Another in a series of features about BCMFest 2016 that will be appearing in this blog right up until the festival (January 8 and 9, if it’s not on your calendar yet), so as to better acquaint you with the events, activities and personalities that make up BCMFest.
If you go to a Celtic music festival with the hope — no, make that the expectation — of being able to join in a song or two, well, you should get yourself to The Attic at 1 p.m. during BCMFest’s Dayfest (January 9): That’s when The Kelly Girls and òran mór will lead a good hour’s worth of sing-along songs.
This’ll be the BCMFest debut for The Kelly Girls (Aisling Keating, Nancy Beaudette, Christine Hatch and Theresa Gerene), who are based in the far western suburbs and have played at local places like The Bull Run Restaurant, Waxy O’Connor’s Pub and Main Street Market & Cafe, as well as the Williamstown Fair in Ontario (the oldest annual fair in Canada) and aboard the Nova Star Cruise Ship running from Portland, Me., to Nova Scotia.

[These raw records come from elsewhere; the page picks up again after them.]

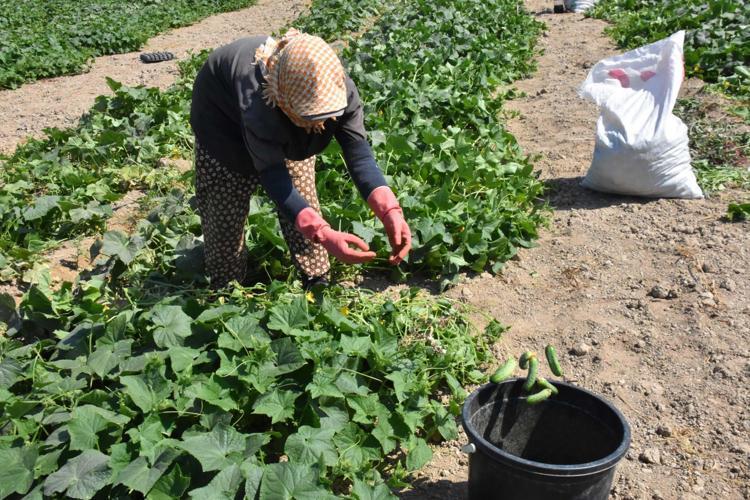 SALATALIKLAR BOYLARINA GÖRE AYRILIYOR
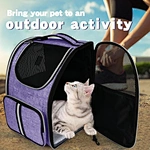 Pet backpack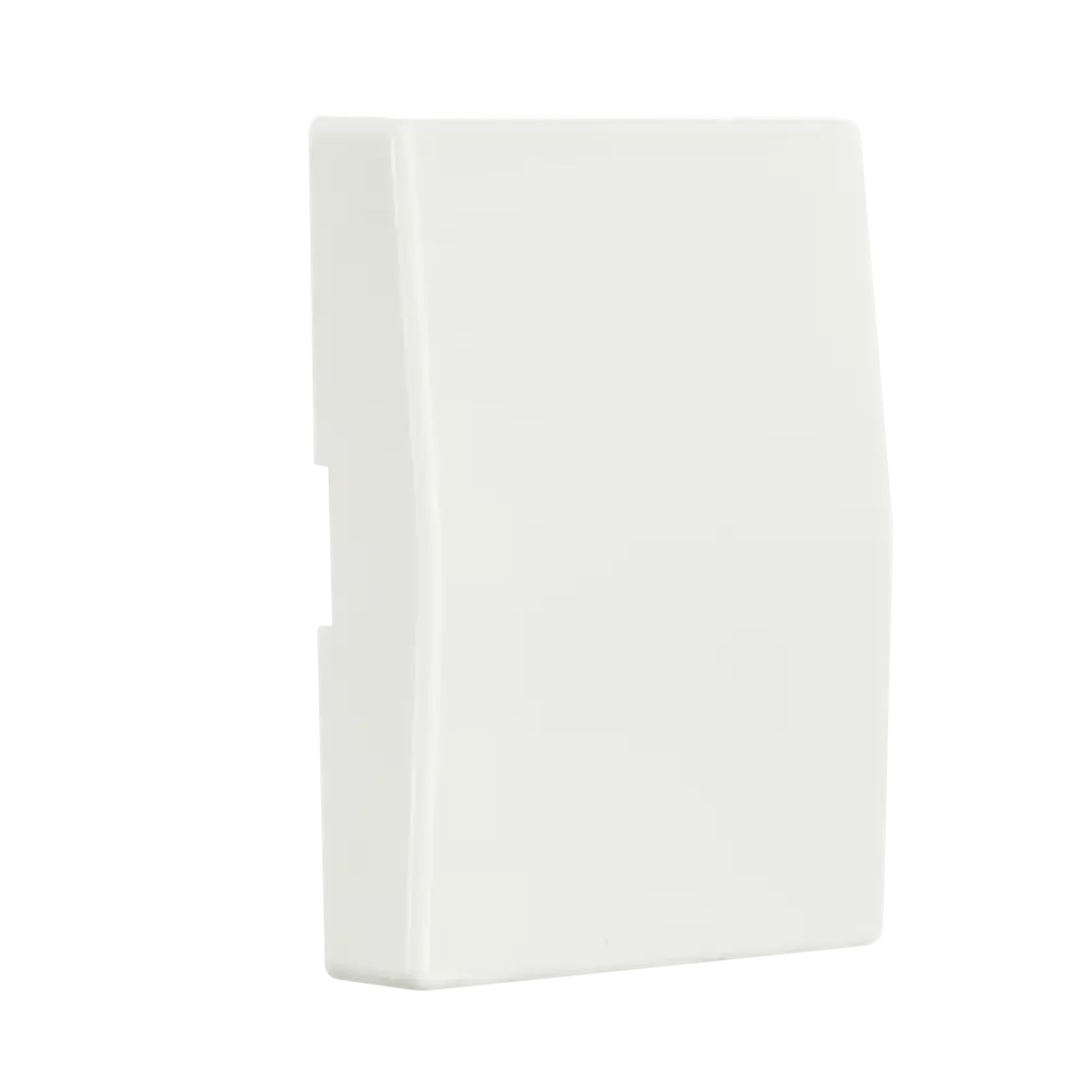 ION INDUSTRIES 20.300.014 Control rocker switch V1/J1 Alpine White (img_003)
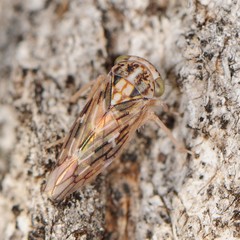 Idiocerus moniliferae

So they know a thing or two about keeping people entertained, as this video clip shows. Oh, and in case you might wonder: No, they don’t have anything to do with the famous temp agency — but they have a nice little tribute to the “other” Kelly Girls on their website.
òran mór — the duo of Peter Hale and Dave Hallowell — are back for a third time at BCMFest. While they’re no strangers to the Boston area, you’re more likely to find them up north a ways, at places like the Ri Ra in Portsmouth, NH, where they are a Monday night fixture. Dave started out playing blues and R&B, but over time gravitated into folk/acoustic music and eventually Irish/Celtic material, with some guidance by people like David Surette, Ed Gerhard and Randal Bays. Peter came from a family with strong Irish roots — “Nancy Whiskey” was the first song with a chorus he learned (at age 6), he says, “other than something from ‘Sesame Street'” — and later on took an interest in singers like Luke Kelly, Christy Moore and Dick Gaughan. Here’s a sampling of Peter and Dave.
Mind you, you don’t have to sing along during this set — but why wouldn’t you want to?